To solve an optimisation problem of the form: \[ \begin{split} \min_{\mathbf{y}} \quad& f(\mathbf{y})\\ \text{s.t. }& \mathbf{y} \in \mathcal{M}, \end{split} \] where we try to minimize a function \(f\) over a convex set \(\mathcal{M}\)

  - get y_0 in M
  - While not converged:
      - Compute the gradient at position y_t  :  g = grad(f)(y_t)
      - Compute the conditional gradient      :  s = argmin(s'*g), for s in M
      - Pick a step size alpha                :  alpha = argmin(f(alpha y_t + (1-alpha) s)), alpha in [0, 1]
      - Update the current position           :  y_{t+1} = alpha y_t + (1 - alpha) s
  - end

Question 6: For other gradient descent based methods used for continuous optimization, a projection step is usually necessary. Indeed, when the optimisation is constrained on a given domain, you need to be careful that all your steps are going to remain in the feasible region. For this reason, after each gradient step, a projection onto the feasible region needs to be done. Explain why this step is not necessary in the case of the conditional gradients method when the domain \(\mathcal{M}\) is convex.

Derivation and implementation

Step 1: Compute the gradient

Question 7: Derive the formula of the gradient of the objective function of Problem 3.

Task 5: Implement it in computeConvexGradient.m.

Step 2: Compute the conditional gradient

Once the gradient has been obtained, what needs to be computed is the conditional gradient.
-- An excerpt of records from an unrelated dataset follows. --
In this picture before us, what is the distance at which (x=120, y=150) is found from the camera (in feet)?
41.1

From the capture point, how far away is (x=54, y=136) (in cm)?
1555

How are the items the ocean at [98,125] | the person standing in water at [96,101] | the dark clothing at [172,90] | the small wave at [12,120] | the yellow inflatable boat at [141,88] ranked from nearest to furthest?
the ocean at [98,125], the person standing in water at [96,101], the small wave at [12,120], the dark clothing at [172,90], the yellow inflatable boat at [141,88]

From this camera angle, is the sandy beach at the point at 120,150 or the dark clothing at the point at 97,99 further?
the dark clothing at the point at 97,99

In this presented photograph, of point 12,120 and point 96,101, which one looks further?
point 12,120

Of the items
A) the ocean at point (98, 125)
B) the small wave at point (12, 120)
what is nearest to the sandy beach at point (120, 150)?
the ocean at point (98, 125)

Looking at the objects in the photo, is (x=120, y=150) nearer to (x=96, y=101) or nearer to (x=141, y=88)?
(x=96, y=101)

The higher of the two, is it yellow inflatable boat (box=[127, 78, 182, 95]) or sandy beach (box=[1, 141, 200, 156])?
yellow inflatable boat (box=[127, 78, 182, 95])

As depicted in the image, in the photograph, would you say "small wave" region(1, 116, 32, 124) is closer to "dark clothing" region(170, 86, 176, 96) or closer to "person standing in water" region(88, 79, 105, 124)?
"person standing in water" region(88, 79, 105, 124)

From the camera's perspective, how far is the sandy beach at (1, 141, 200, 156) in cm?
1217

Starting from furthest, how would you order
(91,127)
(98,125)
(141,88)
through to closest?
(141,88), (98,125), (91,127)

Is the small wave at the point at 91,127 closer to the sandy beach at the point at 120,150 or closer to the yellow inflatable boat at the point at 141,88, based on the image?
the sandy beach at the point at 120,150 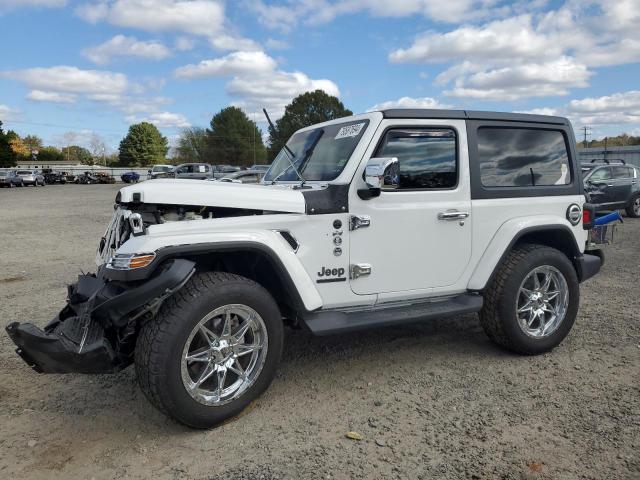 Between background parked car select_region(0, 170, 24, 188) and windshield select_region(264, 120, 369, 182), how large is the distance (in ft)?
142

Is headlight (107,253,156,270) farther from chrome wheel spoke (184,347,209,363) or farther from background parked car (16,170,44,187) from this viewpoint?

The conditional gradient is the result of a Linear program, where the cost vector is the gradient of the objective function and the constraints are the constraints of the original problem.
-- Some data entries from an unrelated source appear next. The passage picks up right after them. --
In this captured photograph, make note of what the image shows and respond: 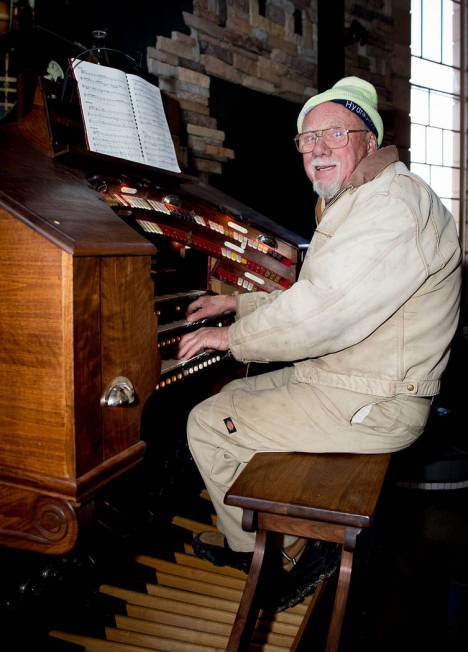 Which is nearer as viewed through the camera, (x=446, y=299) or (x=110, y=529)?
(x=446, y=299)

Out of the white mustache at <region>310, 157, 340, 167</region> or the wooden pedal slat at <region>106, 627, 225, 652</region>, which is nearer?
the wooden pedal slat at <region>106, 627, 225, 652</region>

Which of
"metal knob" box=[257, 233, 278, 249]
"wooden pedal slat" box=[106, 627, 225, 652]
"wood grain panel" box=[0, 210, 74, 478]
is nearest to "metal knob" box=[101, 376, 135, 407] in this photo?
"wood grain panel" box=[0, 210, 74, 478]

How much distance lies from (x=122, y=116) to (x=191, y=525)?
187 centimetres

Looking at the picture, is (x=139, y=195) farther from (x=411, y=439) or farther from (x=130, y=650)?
(x=130, y=650)

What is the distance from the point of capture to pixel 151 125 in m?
2.54

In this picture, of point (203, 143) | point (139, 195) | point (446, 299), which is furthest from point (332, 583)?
point (203, 143)

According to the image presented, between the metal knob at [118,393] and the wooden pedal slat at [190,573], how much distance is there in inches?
46.0

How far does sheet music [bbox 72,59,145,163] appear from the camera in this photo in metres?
2.21

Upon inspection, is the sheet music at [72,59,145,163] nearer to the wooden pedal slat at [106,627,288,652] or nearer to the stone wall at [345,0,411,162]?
the wooden pedal slat at [106,627,288,652]

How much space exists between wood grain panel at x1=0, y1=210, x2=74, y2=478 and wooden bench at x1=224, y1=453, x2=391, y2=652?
1.78 ft

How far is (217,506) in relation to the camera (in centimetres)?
208

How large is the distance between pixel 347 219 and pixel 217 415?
32.0 inches

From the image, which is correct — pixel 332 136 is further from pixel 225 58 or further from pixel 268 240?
pixel 225 58

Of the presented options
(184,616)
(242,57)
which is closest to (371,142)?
(184,616) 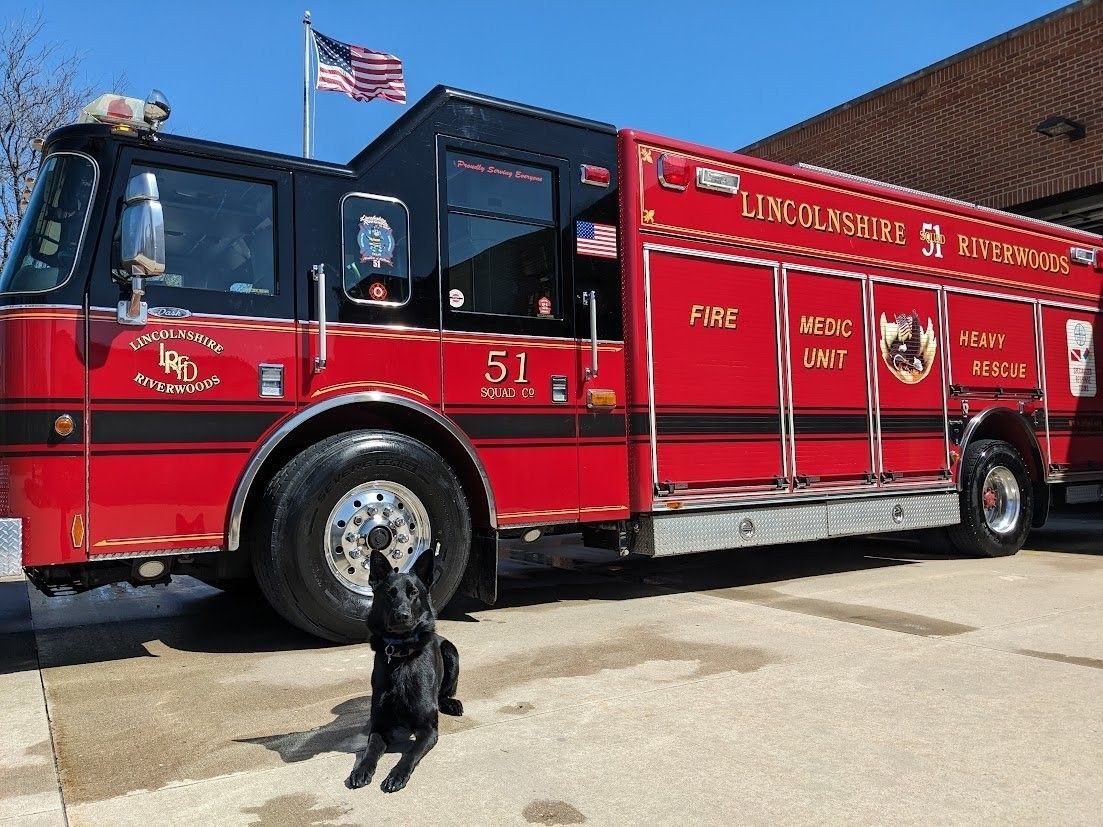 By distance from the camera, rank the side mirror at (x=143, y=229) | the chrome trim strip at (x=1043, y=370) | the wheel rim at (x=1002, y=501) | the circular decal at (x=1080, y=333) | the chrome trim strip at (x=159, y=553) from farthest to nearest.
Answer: the circular decal at (x=1080, y=333) → the chrome trim strip at (x=1043, y=370) → the wheel rim at (x=1002, y=501) → the chrome trim strip at (x=159, y=553) → the side mirror at (x=143, y=229)

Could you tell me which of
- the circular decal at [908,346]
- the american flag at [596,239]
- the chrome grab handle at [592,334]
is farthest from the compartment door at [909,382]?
the chrome grab handle at [592,334]

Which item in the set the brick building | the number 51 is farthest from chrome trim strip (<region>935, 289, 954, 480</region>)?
the brick building

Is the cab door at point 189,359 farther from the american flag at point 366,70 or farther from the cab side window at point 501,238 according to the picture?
the american flag at point 366,70

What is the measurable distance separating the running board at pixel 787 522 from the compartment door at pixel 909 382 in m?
0.26

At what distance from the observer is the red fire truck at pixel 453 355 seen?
4211 millimetres

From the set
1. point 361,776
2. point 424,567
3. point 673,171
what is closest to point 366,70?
point 673,171

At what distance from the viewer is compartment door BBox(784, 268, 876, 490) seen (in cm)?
661

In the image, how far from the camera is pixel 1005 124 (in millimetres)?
12211

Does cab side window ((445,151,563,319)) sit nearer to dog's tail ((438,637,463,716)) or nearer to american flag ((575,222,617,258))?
american flag ((575,222,617,258))

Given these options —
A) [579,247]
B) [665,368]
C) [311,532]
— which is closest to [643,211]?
[579,247]

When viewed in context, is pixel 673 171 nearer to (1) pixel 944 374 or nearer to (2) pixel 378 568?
(1) pixel 944 374

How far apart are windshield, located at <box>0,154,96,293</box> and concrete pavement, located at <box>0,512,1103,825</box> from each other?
1992 millimetres

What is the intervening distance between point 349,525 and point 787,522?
3.37 meters

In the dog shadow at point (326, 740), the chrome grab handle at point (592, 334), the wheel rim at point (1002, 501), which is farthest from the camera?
the wheel rim at point (1002, 501) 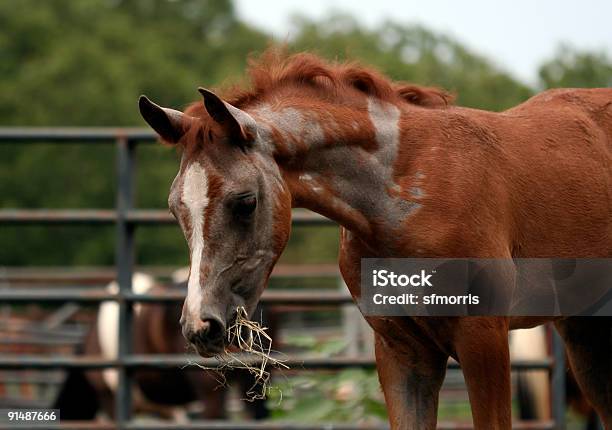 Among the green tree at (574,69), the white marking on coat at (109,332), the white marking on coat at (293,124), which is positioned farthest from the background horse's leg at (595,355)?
the green tree at (574,69)

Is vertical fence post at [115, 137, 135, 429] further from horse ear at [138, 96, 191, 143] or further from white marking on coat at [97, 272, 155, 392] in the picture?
white marking on coat at [97, 272, 155, 392]

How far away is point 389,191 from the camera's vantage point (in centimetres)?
349

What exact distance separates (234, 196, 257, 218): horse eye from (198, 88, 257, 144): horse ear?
18 cm

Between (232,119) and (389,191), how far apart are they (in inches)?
22.9

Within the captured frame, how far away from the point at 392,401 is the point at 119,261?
8.08ft

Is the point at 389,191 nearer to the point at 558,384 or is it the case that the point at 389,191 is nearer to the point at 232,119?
the point at 232,119

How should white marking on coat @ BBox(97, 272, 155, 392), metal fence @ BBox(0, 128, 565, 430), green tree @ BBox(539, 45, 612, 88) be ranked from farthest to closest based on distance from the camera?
green tree @ BBox(539, 45, 612, 88) → white marking on coat @ BBox(97, 272, 155, 392) → metal fence @ BBox(0, 128, 565, 430)

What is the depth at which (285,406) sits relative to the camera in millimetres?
5969

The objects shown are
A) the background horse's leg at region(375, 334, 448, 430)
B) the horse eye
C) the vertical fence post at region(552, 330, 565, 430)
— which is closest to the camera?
the horse eye

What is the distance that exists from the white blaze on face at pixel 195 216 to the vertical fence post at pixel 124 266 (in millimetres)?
2569

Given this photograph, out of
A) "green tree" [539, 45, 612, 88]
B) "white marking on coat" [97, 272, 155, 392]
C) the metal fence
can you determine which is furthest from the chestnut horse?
"green tree" [539, 45, 612, 88]

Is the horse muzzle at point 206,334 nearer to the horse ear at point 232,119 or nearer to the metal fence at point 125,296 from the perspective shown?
the horse ear at point 232,119

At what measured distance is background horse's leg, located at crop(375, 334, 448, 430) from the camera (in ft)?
12.1

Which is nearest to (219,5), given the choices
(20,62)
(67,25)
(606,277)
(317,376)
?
(67,25)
Question 8: In our specific problem, the constraints have a lot of structure. While it would be straightforward to solve this LP using the built-in linprog matlab function, we can probably make it faster by implementing this optimisation ourselves. Provide an algorithm that, when given the gradient of the function, will compute the associated conditional gradient.

Task 6: Implement it in the function computeConditionalGradients.m.

Step 3: Compute the step size

The performance of gradient descent type algorithm is heavily dependent on the choice of step-size. A possibility is to try different values and annealing schedules of the step-size until finding a successful one.

The alternative is to use the structure of the problem to our advantage and adaptively choose the step size. In the case of our convex QP, it is possible to find the optimal step-size which is going to bring the largest decrease in the objective function.

Question 9: Derive analytically the value of the optimal step-size for our problem.

Hint: write the value of f(alpha y_t + (1-alpha) s) as a function of alpha.

Task 7: Implement the computation of the optimal step-size in optimalStepSize.m.

Step 4: Bringing it all together and solving the QP

All the necessary steps have been implemented and just need to be brought together to implement the Frank-Wolfe algorithm.

Task 8: runOneStepConvexQP.m contains the implementation of the Frank-Wolfe algorithm to solve the convex QP relaxation. Look at it and verify that this implement the described algorithm.

Task 9: Run the part_1.m script to perform the semantic segmentation. Observe the results obtained.

Non convex QP

The relaxation that we implemented has the advantage of being convex, which means that there is a unique optimal solution and that it can be found efficiently. This notably allows us to have optimal step sizes at each step of our algorithm. On the other hand, we pay the cost of not directly minimizing our target objective function.

We can also decide to not perform the convex relaxation and apply Franke-Wolfe to our non-convex QP relaxation.

Task 10: Implement the computation of the gradient for the non-convex QP relaxation in the files computeGradient.m. Note that in runOneStepQP, we can't compute an optimal step size anymore so we need to pick an arbitrary value. Replace the value of optim in the beginning of part_1.m from cvxQP to QP.

Task 11: Perform some segmentation using the non-convex QP relaxation. Compare with the results obtained by the convex relaxation.